● **INFORMATION GIVEN**
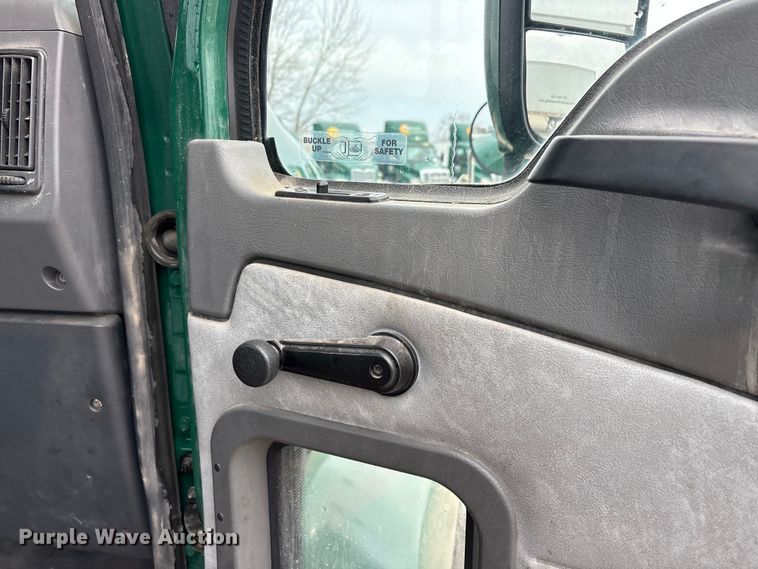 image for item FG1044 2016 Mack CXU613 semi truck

--

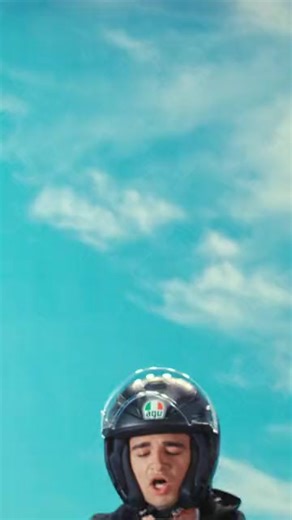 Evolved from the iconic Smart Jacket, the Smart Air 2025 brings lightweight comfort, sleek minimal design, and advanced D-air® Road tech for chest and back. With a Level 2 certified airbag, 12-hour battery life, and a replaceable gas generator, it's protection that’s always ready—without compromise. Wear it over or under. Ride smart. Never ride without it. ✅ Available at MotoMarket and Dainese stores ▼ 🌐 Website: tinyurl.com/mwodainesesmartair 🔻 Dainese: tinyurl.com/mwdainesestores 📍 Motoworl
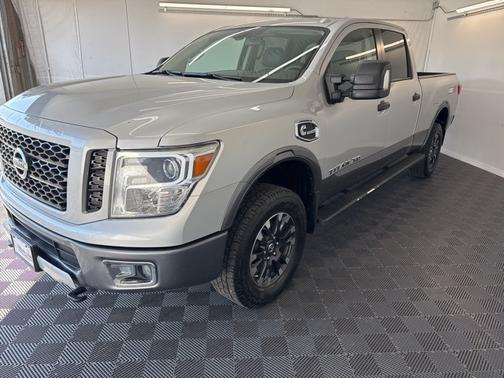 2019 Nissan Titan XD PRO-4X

● **WORK ITEM**
Using the listing above, restate exactly the range between the lines holding "Evolved from the" and "2019 Nissan Titan XD PRO-4X", inclusive, with pictures left out.

● **EXPECTED OUTPUT**
 Evolved from the iconic Smart Jacket, the Smart Air 2025 brings lightweight comfort, sleek minimal design, and advanced D-air® Road tech for chest and back. With a Level 2 certified airbag, 12-hour battery life, and a replaceable gas generator, it's protection that’s always ready—without compromise. Wear it over or under. Ride smart. Never ride without it. ✅ Available at MotoMarket and Dainese stores ▼ 🌐 Website: tinyurl.com/mwodainesesmartair 🔻 Dainese: tinyurl.com/mwdainesestores 📍 Motoworl
 2019 Nissan Titan XD PRO-4X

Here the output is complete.